US futures declined as technology shares were set to come under pressure after Snap warned it would miss second-quarter profit and revenue forecasts amid deteriorating macroeconomic trends. Nasdaq 100 futures slid 1.5% at 7:30 a.m. ET and S&P 500 futures retreated 1.0% just as the benchmark was starting to pull back from the brink of a bear market amid fears the Federal Reserve’s tightening could hurt growth. Meanwhile in other markets, Chinese tech stocks fell by more than 4%, while Europe’s Stoxx 600 Index dropped 1%, led by losses in shares of utilities and retail companies. The dollar was little changed, while Treasuries advanced.

 

 

VIX futures are rising, but remains within yesterday’s trading range.  In Wednesday’s  expiring options Max Pain resides at 29.00.  VIX appears to go into long gamma above 30.00.

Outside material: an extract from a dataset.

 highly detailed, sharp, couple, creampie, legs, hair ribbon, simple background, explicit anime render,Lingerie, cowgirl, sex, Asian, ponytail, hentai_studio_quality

ZeroHedge reminds us, “The sheer relentlessness of the equity market sell-off continued apace last week with the Dow capping off its first run of 8 successive weekly declines since 1923. Meanwhile, the S&P 500 saw its first run of 7 successive weekly declines (tumbling 15.1% over this period) since the dotcom bust aftermath in 2001.

As DB’s Jim Reid notes in his Chart of the Day on Monday, there have only been three previous declines of 7 or more successive weeks. We had a 7-week losing stretch ending in March 1980 (total -15.8%) and two 8-week stretches ending in March 2001 (-16.9%) and May 1970 (-21.5%). We have never had a 9-week stretch of losses: will Biden take the the first ever credit for that? In any case, we are around record-breaking territory.”

 

 

TNX has declined beneath Intermediate-term support/resistance at 28.66.  The Cycles Model suggests another week of decline, most likely to (or beneath) the 50-day Moving Average at 26.74.

 

USD futures continue to slide with a new overnight low of 101.75.  The Cycles Model suggests a continued decline through mid-June.  There may be a bounce at the lower trendline of the Broadening Wedge formation.